OpenCodeList can be used for exchanging code lists between services or applications, as a representation format for official code lists, or as a response format for API requests (e.g., for RESTful web services).
What are Code Lists?
Code lists are structured collections of codes or keys used for the identification and classification of data. These code lists are essential in numerous fields such as databases, management systems, scientific research, and industrial applications. They help in organising, storing, and retrieving data consistently and efficiently.
Code lists play a crucial role in the standardisation and harmonisation of data.
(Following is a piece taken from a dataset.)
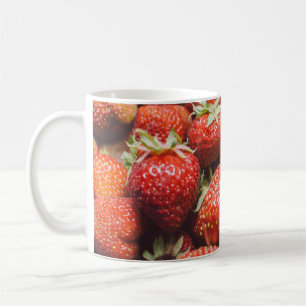 Close-up view on fresh summer strawberry with vint coffee mug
By using standardised codes, different systems and organisations can interpret and exchange data uniformly.
Examples of code lists include:
-
International codes for countries, languages, and currencies by the International Organization for Standardization (ISO).
-
National area codes (e.g., municipal codes of the Federal Republic of Germany).
-
National and subnational codes in the public sector (e.g., statistical codes from statistical authorities).
In principle, any data selection can be mapped to a code list; even a simple Boolean value can be represented by the codes No and Yes.
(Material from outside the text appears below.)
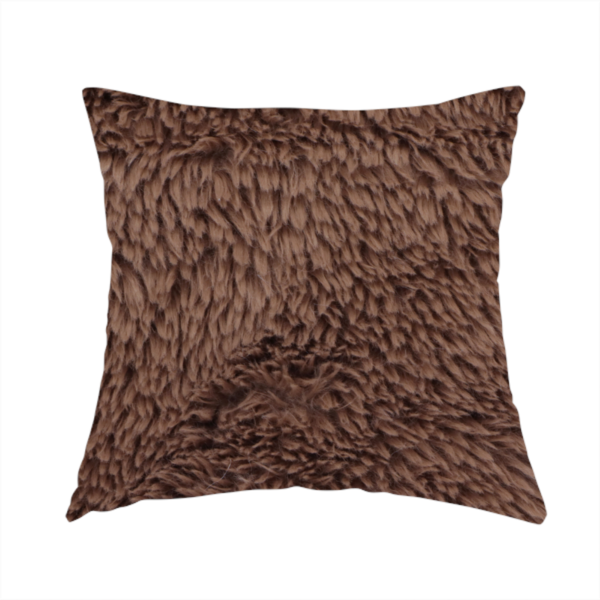 The fabric used to create this handmade cushion is a deep, rich chocolate brown, high-pile faux fur fabric. It has a dense, luxurious texture with soft, tousled fibres that give it a warm and cosy shag-like appearance.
How are Code Lists structured?
The simplest form of a code list consists of two columns: key and description.
Here is an example of a country code list:
Code | Description |
---|---|
AT | Austria |
CH | Switzerland |
DE | Germany |
Code lists can potentially contain an unlimited number of columns. Here is an example of a country code list with three columns:
Code | Short Name | Long Name |
---|---|---|
AT | Austria | Republic of Austria |
CH | Switzerland | Swiss Confederation |
DE | Germany | Federal Republic of Germany |
Code lists can refer to each other. Here is an example of a country code list referring to another continents code list:
Code | Short Name | Long Name | Continent |
---|---|---|---|
AT | Austria | Republic of Austria | EU |
CH | Switzerland | Swiss Confederation | EU |
DE | Germany | Federal Republic of Germany | EU |
MA | Morocco | Kingdom of Morocco | AF |
The corresponding continents code list might look like this:
Code | Name |
---|---|
AF | Africa |
AM | Americas |
EU | Europe |
OC | Oceania |
Code lists can also have more than one key. Here is an example of a country code list with different ISO3166 codes:
Alpha2Code | Alpha3Code | NumericCode | Name |
---|---|---|---|
AT | AUT | 040 | Austria |
CH | CHE | 756 | Switzerland |
DE | DEU | 276 | Germany |
Let’s go a step further with this multilingual country code list:
Code | Language | Name |
---|---|---|
AT | en | Austria |
AT | de | Österreich |
CH | en | Switzerland |
CH | de | Schweiz |
DE | en | Germany |
DE | de | Deutschland |
Here, it is the combination of key and language (also represented by a language key) that defines uniqueness.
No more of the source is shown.